Ce resserrement de l’alimentation mondiale en liquidités n’est pas nouveau. C’est un mouvement long amorcé par les événements de 2007/2008, un produit de la Grande Récession et de la grande peur déclenchée par l’implosion financière de l’automne 2008. Mais aussi un effet des coûts supplémentaires qu’entraîne le programme mondial d’alourdissement des contraintes prudentielles sur l’ensemble des activités bancaires particulièrement gourmandes en capacité bilantielle : c’est-à-dire, précisément, les activités de courtage et de marché qui concourent à la production de ces produits dérivés, dérivés de dérivés, et dérivés de dérivés de dérivés dont la plupart d’entre nous ignorons qu’ils sont la matière première qui sert d’input à la production de quasi-monnaies par le marché.

Il s’agit d’une tendance qui continuera de s’imposer tant que les autorités monétaires et financières ne se seront pas décidées à décréter une pause dans cet engrenage.
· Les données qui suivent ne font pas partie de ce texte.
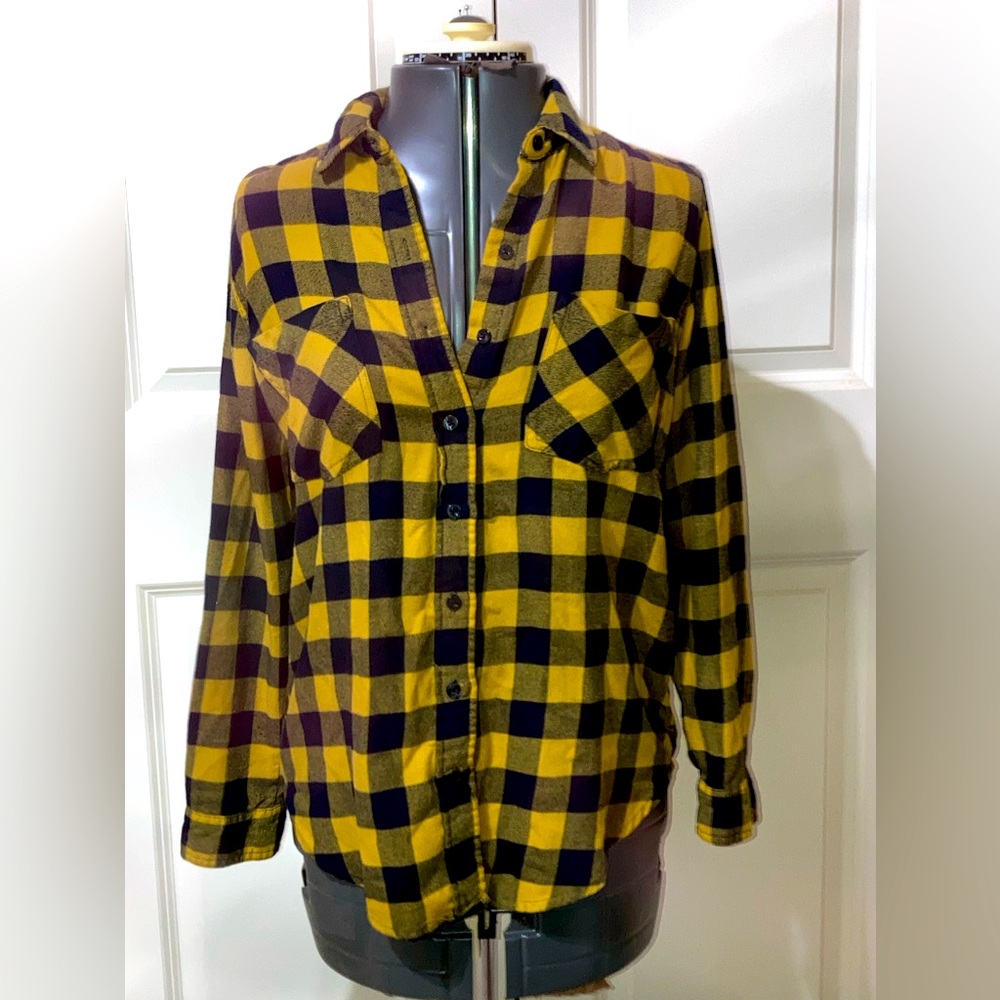 Black and Yellow Checkered Button Down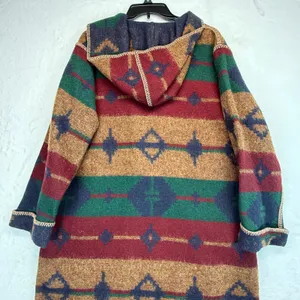 Vtg Woolrich Aztec‎ Duster Coat Reversible Southwestern Blanket Long Cardigan M thumbnail 9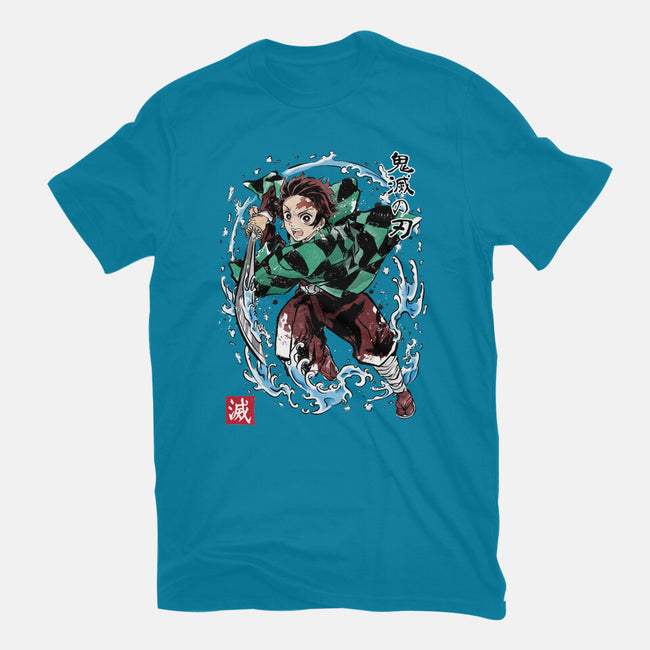 Tanjiro Sumi-E-mens basic tee-DrMonekers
Apparemment ce n’est pas encore pour demain. À cet égard, il existe sans aucun doute un lien entre le retournement économique en cours et le dernier gadget des réglementations prudentielles spécifiquement destiné aux plus grandes banques (dites systémiques) : le ratio de levier supplémentaire, assis sur le total du bilan, dont la mise en place était programmée à partir de 2015.

C’est une des raisons qui font que ce retrait de la finance de marché mondiale procède par bonds, par vagues successives qui donnent naissance à une succession de phases de stop and go affectant la marche de l’économie réelle, d’une durée moyenne d’environ trois années (si l’on prend pour base l’expérience des dix dernières années).

Le ralentissement ou l’apocalypse ?

Avec le refroidissement actuel, on en est au quatrième épisode depuis 2007. À chaque fois, on constate que cela correspond au moment où certaines des principales Global banks ont amorcé leur retrait du marché, ou du moins décidé d’y réduire fortement leurs activités : par exemple, JP Morgan dès 2008, Bank of America en 2011, Citibank en 2014, sans doute Deutschebank pour 2018.

Ce processus, si éloigné de ce qu’enseignent les manuels, échappe totalement à l’attention des experts en macroéconomie de nos banques centrales, pourtant bardés de diplômes. Sachant qu’ils sont par définition aveugles aux véritables causes de l’actuel refroidissement économique, il en résulte qu’il ne faut pas s’attendre à ce que leurs remèdes, sans rapport avec le problème, aient la moindre chance d’altérer le cours des événements.

Nous n’avons plus qu’à espérer que, comme pour les deux mini-cycles précédents (2011 et 2014), les choses se tasseront et que le robinet monétaire se remettra en marche jusqu’à l’épisode suivant, même si c’est pour reprendre encore une fois avec un débit qui va, à chaque fois, en s’amenuisant davantage.

Il nous reste à croiser les doigts pour qu’une quelconque erreur des autorités, ou même plusieurs (comme en 2008) ne déclenchent pas une nouvelle apocalypse financière.

Le pronostic le plus vraisemblable est que nous repartirons cahin-caha sur le même chemin poursuivi depuis dix ans — celui d’une seconde décennie de lente croissance affaiblie : croissance de tortue pour les Américains, croissance d’escargot tant pour les Européens que les Japonais (qui, eux, en seront à leur troisième décennie de quasi non croissance).